Defesa Absolve Acusado de Matar Desafeto - Teses Criminais.

Submetido a júri popular sob a presidência da juíza substituta Soraya Muniz Calixto de Oliveira, auxiliar da 4º Tribunal do Júri de Santa Catarina, XXXX, 38 anos, foi absolvido da acusação de ser autor do homicídio qualificado que vitimou XXXXXX, 27 anos.

A decisão acolheu a tese do Advogado Criminalistas, Dr. Jonathan Pontes, sustentando a tese técnica de negativa de autoria, com base nas declarações do réu, de que “não estava no local do crime”.


O advogado de defesa argumentou que o acusado trouxe uma testemunha que confirmou o álibi do acusado.

Nos argumentos apresentados na tribuna, o criminalista considerou a manifestação do promotor de justiça do júri, sobre insuficiência de provas.


O promotor disse, ao se manifestar, que a Polícia Civil não ouviu testemunhas importantes que podiam contribuir na elucidação do crime, concluindo o inquérito sem ter prova cabal da autoria.


Por fim, o promotor deixou a critério da consciência dos jurados analisar os fatos e votar conforme suas convicções.
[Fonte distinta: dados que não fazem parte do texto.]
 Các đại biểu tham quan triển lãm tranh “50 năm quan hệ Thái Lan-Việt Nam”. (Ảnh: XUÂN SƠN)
No total, foram ouvidas durante o júri três testemunhas, entre elas o delegado, que deu prosseguimento ao inquérito, após ficar parado por nove anos. Após a autoridade policial conclui-lo, foi enviado os autos à Vara do Júri.

Em interrogatório, o réu negou ter feito os disparos de arma de fogo, revelando que chegou a ouvir os disparos de arma de fogo.


Disse que no momento do crime, estava em outro local, na companhia de amigos que podiam confirmar. Uma dessas pessoas compareceu ao júri e confirmou o álibi.

Consta na denúncia que a vítima estava numa festa, localizada na rua Carlos da Fonseca, após o dono do bar avisar aos frequentadores sobre o fechamento do local.


A vítima e um amigo deixaram o estabelecimento em direção de sua residência quando foi perseguida e alvejada por quatro disparos de arma de fogo, morrendo no local.

O inquérito foi concluído após a Polícia Civil ouvir o dono do bar, remetendo à Justiça com indiciamento do acusado citado desde o começo do inquérito.


O Ministério Público remeteu de volta para mais investigações, como inquirição do irmão da testemunha e reinquirição de outras testemunhas que estavam no local, e por elas não sido localizadas, o processo foi reenviado à Justiça.